Toss Antonio Bazzini onto that list.  But we digress...

chill319

Morton Gould: Lincoln Legend
Ernst Bacon: Ford's Theatre - A Few Glimpses of East Week, 1865
Paul Turok: Variations on an American Song "Aspects of Lincoln and Liberty", Op. 20
Aaron Copland: Lincoln Portrait
Vincent Persichetti: A Lincoln Address, Op. 124
Roy Harris: Abraham Lincoln Walks at Midnight
Charles Ives: Lincoln the Great Commoner
George Frederick McKay: To a Liberator
(all on Naxos 8.559373-74)

Robert Russell Bennett: Abraham Lincoln / Sights and Sounds (Naxos 8.559004)

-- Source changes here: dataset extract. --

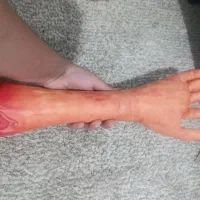 دست مصنوعی طبیعی|آرایشی، بهداشتی، درمانی|کرمانشاه, |دیوار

R Harris, Epilogue to Profiles in Courage (J.F.K.)
I Stravinsky: Elegy for J.F.K.


eschiss1

the Library of Congress has an "The Alfred Whital Stern Collection of Lincolniana" that may also prove interesting in this connection, with much music more contemporary with Lincoln's life and soon after it having to do with him (and very much that isn't music, of course.) Very little of it known at all though of course I suspect most of the music as usual and by definition mundane. (Still, I at least find enough pleasant surprises in these archives.) (going to subject --> music one finds 250 items listed, fwiw... some items by Joseph W Turner and Philip Wolsieffer, who I've already run into and think are interesting, among others. hrm. no, my mistake- William Wolsieffer- perhaps a relative to Philip :):) )

alberto

Writers:
Franz Liszt: Le triomphe funébre de Tasso (recorded, but unsung, while Tasso, lamento e Trionfo is also fairly performed).
Great Historical Events: Liszt The Battle of the Huns (recorded, but not performed.Inspired by a painting about the Catalaunian Fields-actual France- in 451).
M.Ohki: Hiroshima Symphony (Naxos) (The Penderecky Threnody is sung- anyway this "event" is such I have difficulty in mentioning, tragic as are others mentioned).
Don Gillis The Alamo (Albany record).
Charles Ives: Putnam's Camp and Colonel Shaw and his coloured regiment-the latter a subtitle-n.2 and 1 from "Three places in New England".
R.Harris Symphony 6 Gettysburg (Naxos)
W.Piston Symphony 6 Gettysburg (Naxos; also Brilliant by Gauk, if I remember)
W.Schuman Symphony n.9 "Le Fosse Ardeatine" (Naxos)
M.Arnold Peterloo Overture (at least old Emi).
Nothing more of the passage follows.